= Gavin Brown (art dealer) =

British artist and art dealer

Gavin Brown is a British artist and art dealer. He is the owner of the gallery, Gavin Brown's enterprise in New York City and co-founder of non-profit gallery 356 Mission in Los Angeles. The 356 Mission art space closed in 2019, due to the lease ending.

==Early life==
Brown grew up in Croydon in south London. His mother was a social worker; his father an architect, who abandoned the family when Brown was 11. He attended Newcastle Polytechnic – where his classmates included Matthew Higgs – and later at Chelsea College of Arts.

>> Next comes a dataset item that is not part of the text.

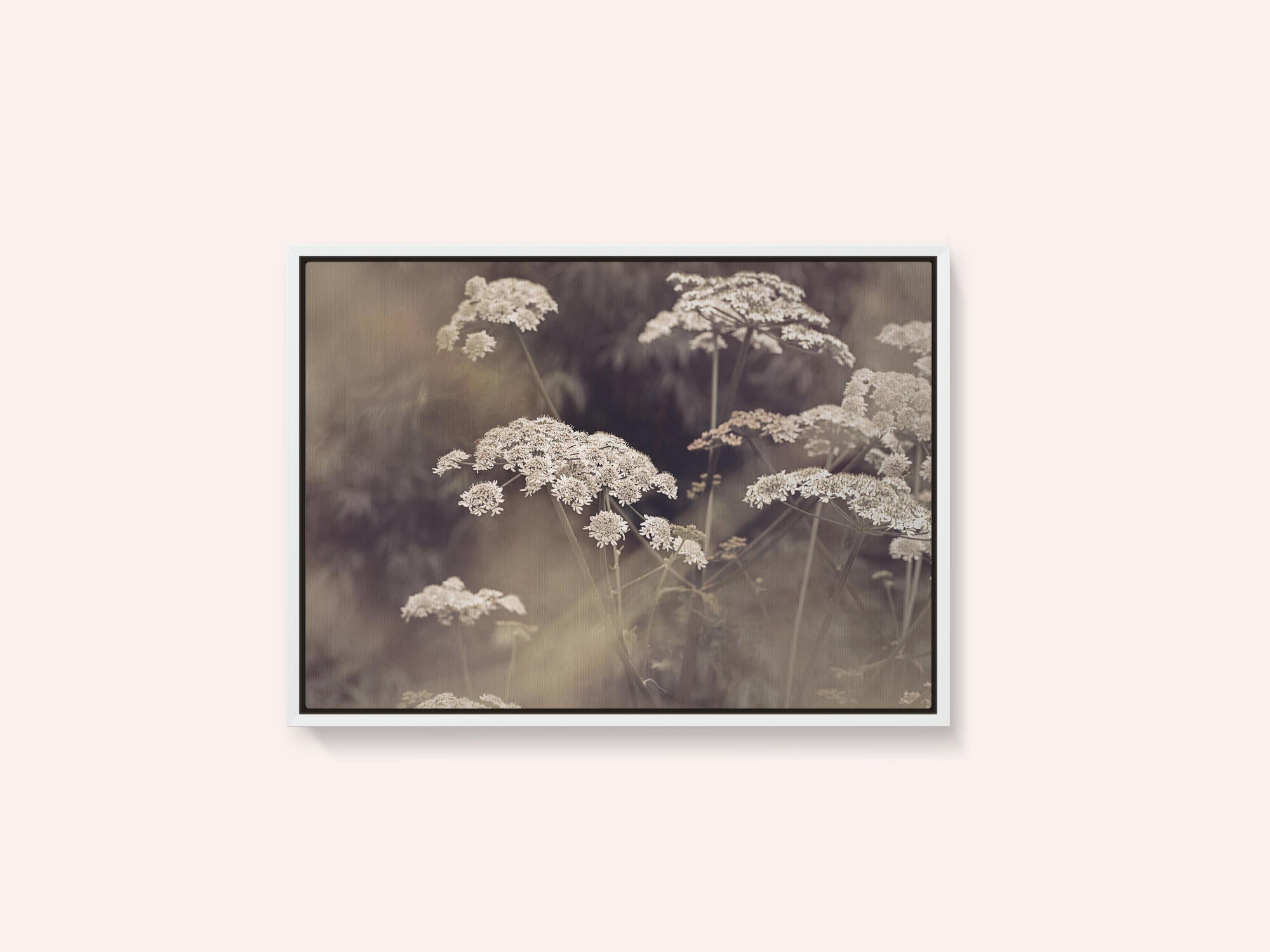 Wild Parsley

At Anthony d’Offay Gallery in London, Brown worked as an assistant in the back room alongside Damien Hirst before moving to New York in 1988 to continue his studies at the Whitney Museum of American Art's Independent Study Program.

==Career==
Brown began organizing exhibitions in the early 1990s – including one for 303 Gallery in 1991 as well as pop-ups in at the Hotel Chelsea, in his apartment on the Upper West Side and in a cubicle he rented in a Midtown office building – and opened his first gallery in Soho in 1994. In December 1993, he had a solo show of his own work at David Zwirner Gallery in Soho.

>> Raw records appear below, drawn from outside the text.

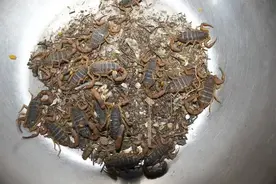 禁食不代表禁止药用！蝎子养殖户的春天到底还有多远？图片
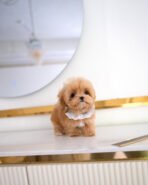 TEDDY - MALE (PURCHASED by LINDA) - Image 2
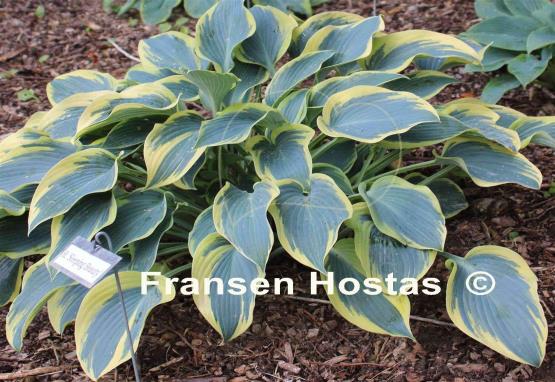 Hosta Sleeping Beauty
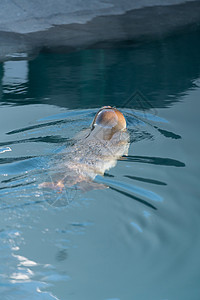 北海道动物园游动的日本海豹背影图片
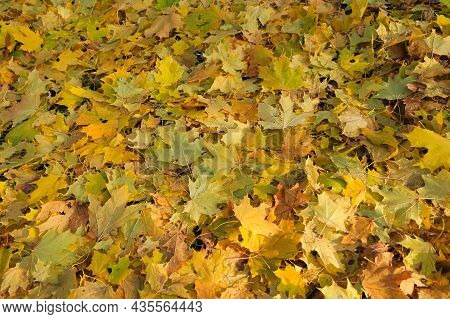 Autumn Bright Yellow Background From Fallen Leaves Of Maple Tree, Natural Texture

In 2003, Brown served on the selection committee for the first edition of Frieze Art Fair.

In the early 2000s, Brown ran a gallery in Rome called Roma Roma Roma with fellow dealers Franco Noero and Toby Webster, who have galleries in Turin, Italy, and Glasgow, Scotland, respectively.

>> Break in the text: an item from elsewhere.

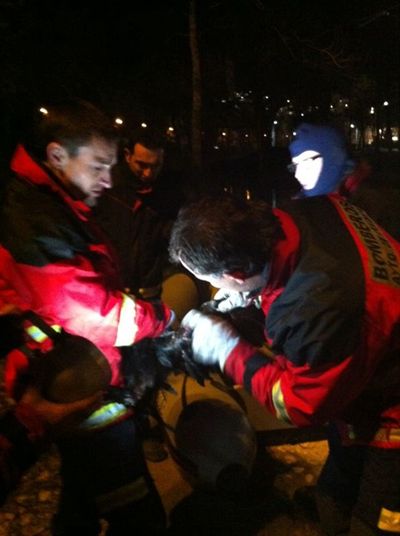 Bomberos de Cuenca rescatan a un cormorán del río Júcar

In 2012 he took a lease in Los Angeles for 356 Mission, a gallery that is operated as an artist-run space by painter Laura Owens.

In 2014, The Guardian named him in their "Movers and makers: the most powerful people in the art world".

In 2015, Brown and Rirkrit Tiravanija opened Unclebrother, a restaurant and gallery in a former car dealership in Hancock, New York.

In July 2020, Brown announced that he would close his gallery and partner with Barbara Gladstone. In 2024, he donated a range of materials related to his former gallery to Bard College’s Center for Curatorial Studies.

== Controversy ==
Brown and painter Laura Owens have been accused of being involved with gentrification of a predominantly working-class, Hispanic neighbourhood with their non-profit gallery 356 Mission in the neighbourhood of Boyle Heights, on the east side of Los Angeles. Activists of various anti-gentrification groups have protested their galleries and exhibitions in both Los Angeles and New York City. The 356 Mission art space closed in 2019, due to the lease ending.

==Personal life==
Since 2011, Brown has been residing in Harlem where he moved with his wife, artist Hope Atherton, and their daughter. From a previous marriage with Scottish fashion designer, Lucy Barnes, Brown has three children.

In 2005, Brown purchased a 700-square-foot weekend home in the hamlet of Lordville, New York.